Before the reveal, the closest we have to the personification of an artificial intelligence is the “Mother” computer interface. And the best hint we get before that Ash might have more in common with Mother than with the rest of the crew is when he says that he and Mother are still “collating” data in the face of the danger they’re in. That certainly comes off as something a robot would say…after you’ve seen the movie and know that androids are a thing in this world. Beforehand, it just sounds like something a stiff, shady, emotionless Science Officer type in a science fiction story would say.

And I think it’s brilliant. It’s a bit of a cheat, to be sure, but who cares? It’s amazing, and there are times when something amazing completely overrides the fact that it might also be technically flawed.

It helps tremendously that Ash being a robot isn’t really the most critical revelation of the scene, even though it’s the most memorable one. The corporation’s real mission–capturing the alien–and the expendability of the crew is the most important revelation in the scene. This might be the most brilliant aspect of the moment: it takes a potentially anticipated “twist” and enhances it by adding something almost impossible to guess, so that what you might have already sussed out feels less important than the part you didn’t know, even though the part you didn’t know is actually less important than the part you guessed.

You could predict that something was fishy about the crew’s early awakening from cryo-sleep, and you could predict that Ash was untrustworthy based on what’s laid out earlier in the film. His override of safety protocols, his protectiveness of the Alien, his testiness with Ripley, the fact that he’s a last-minute addition to the crew. These are all clues that he’s up to something, but are also cleverly presented as defensible. He overrode safety protocols, but he wasn’t the only one demanding that Kane be let inside, and you could say he was just following the orders of the Captain. He seems fascinated by the facehugger, but he’s the Science Officer, of course he’s fascinated. He desperately tells Parker not to try to kill the Alien when it first pops out of Kane’s chest, but we’ve seen by then that it bleeds acid that could eat through the ship and get them all killed, and Parker’s looking to go after it with a knife. As for him being a late addition to the crew that the others have never worked with before, well, that’s not necessarily his fault.

Nonetheless it’s not all that surprising when he turns out to be the “human” villain of the piece, so the filmmakers added the surprise that he’s not human after all. But then, just to add to the horror and strangeness of it all, Ash is unlike almost any other android / robot anyone had ever seen in a film (at least in recent history). He is not metal and gears under human skin like Yul Brenner’s gunman in 1973’s Westworld. His wires and circuitry look more like strange veins and organs. He’s a callback to the original use of the word “robot” from the science-fiction play R.U.R. about synthetic-organic, artificial humanoids.
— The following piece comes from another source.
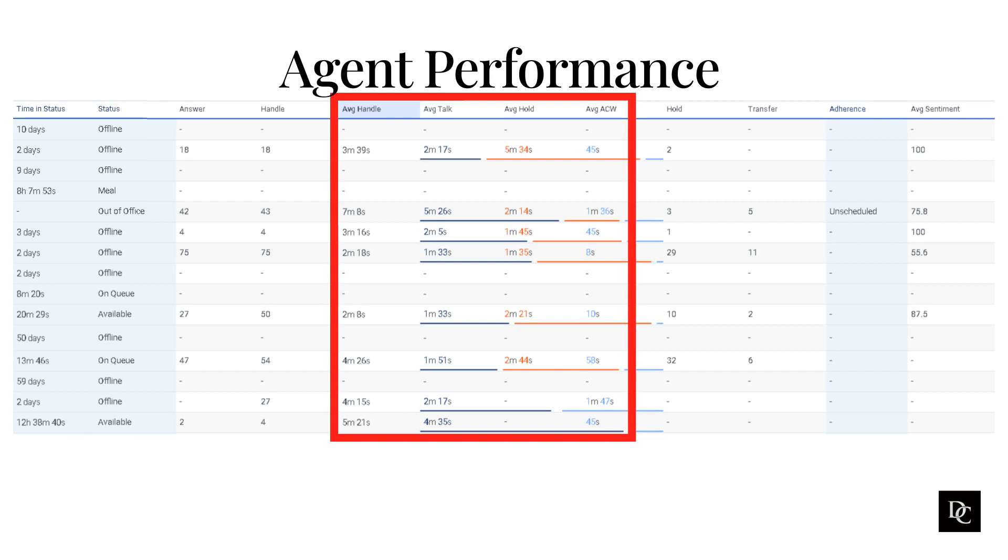There are a number of things that Genesys Cloud agents can do to improve their performance, including: Be knowledgeable about the company's products and services. The more knowledgeable an agent is, the better equipped they will be to answer customer questions and resolve customer issues.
All of this makes the moment he is revealed to be a robot memorable. Yet, purely as a twist, it remains underrated, possibly even somewhat forgotten. Most lists of “Greatest movie twists ever!!” make no mention of it. Several subsequent movies have established that androids exist in the Alien universe, so if you see any of the series sequels or prequels before the original film, it’s no surprise at all what Ash is, particularly if you’ve seen Aliens. You might also have heard of the band named “Ash is a robot,” or read this article or one like it, which reveals a former secret that is now about as open as “Norman Bates is the killer,” or “Dr. Jekyll and Mr. Hyde are the same person.” There’s also the fact that Ash is not the primary villain or hero of the film, so of course when most people discuss it, he’s not the first thing that comes to mind. People think of face-hugging and chest-bursting and large obsidian monsters with acid for blood and second-mouths for tongues, and of Ellen Ripley, last survivor of the Nostromo.

Still, for its time Ash being a robot was a moment powerful enough to make at least one man pass out upon seeing it. It deserves to be brought up more often among the great movie twists of all time.